GSE Stadium
- Interactive map of GSE Stadium
- Location: Famagusta, Cyprus
- Owner: Evagoras Gymnastic Association

Tenants
- Anorthosis (1911–1974) Nea Salamina (1953–1974)

= GSE Stadium =

Football stadium in Famagusta, Cyprus

The Evagoras Gymnastic Association Stadium (GSE Stadium) (Gymnastikos Syllogos Evagoras, Greek: Γυμναστικός Σύλλογος Ευαγόρας) is a football stadium located in Famagusta, Cyprus and was the home ground of Anorthosis and Nea Salamina. The stadium remains abandoned and in bad condition since 1974 when Turkey invaded the island of Cyprus and occupied 37.6% of it including the city of Famagusta.

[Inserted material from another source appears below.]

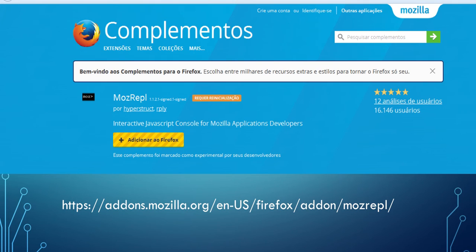If you google MozRepo, I've put here the URL, you can find it and you can install it to Firefox.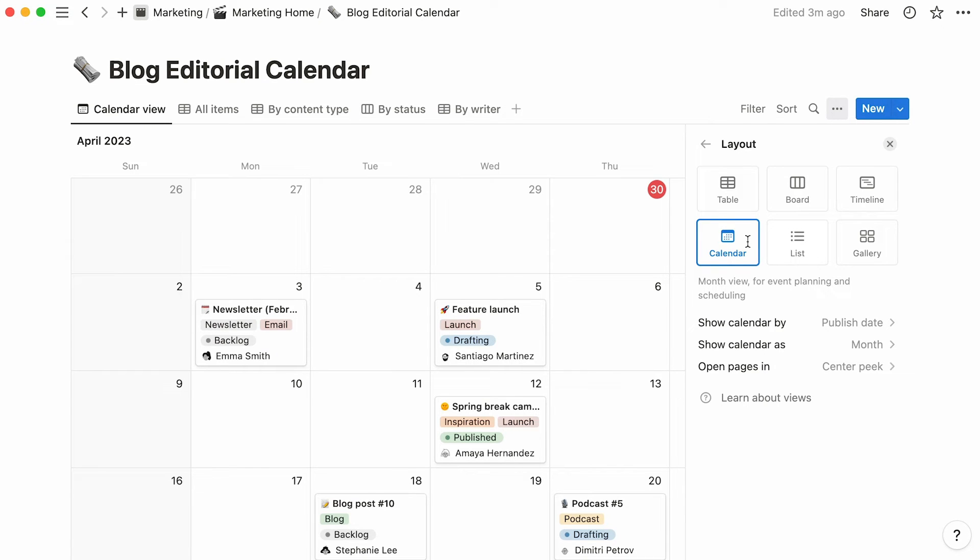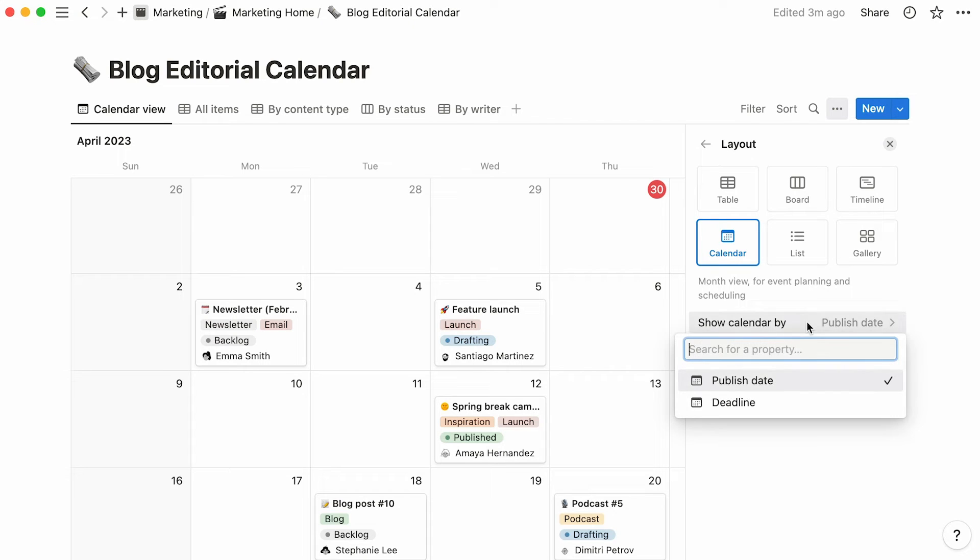When your calendar boasts more than one date property, which is currently our case, you will be given the option to organize your entries according to any of those dates. Here, we can decide whether to display entries according to their published date or their deadline.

After the summer of 1974, Anorthosis used many football stadiums all around Cyprus like Dasaki Stadium, Aradippou Municipal Stadium, Paralimni Stadium, Tsirion Stadium, old GSZ Stadium, and new GSZ Stadium. In 1986, Anorthosis built its own stadium named Antonis Papadopoulos Stadium, located in Larnaca.

Similarly, Nea Salamis Famagusta FC had used the GSZ Stadium, Dasaki Stadium, Tsirion Stadium, Deryneia, and Antonis Papadopoulos. In 1991 the club managed to build its own home stadium Ammochostos Stadium, with a 5000 seating capacity, located also in Larnaca.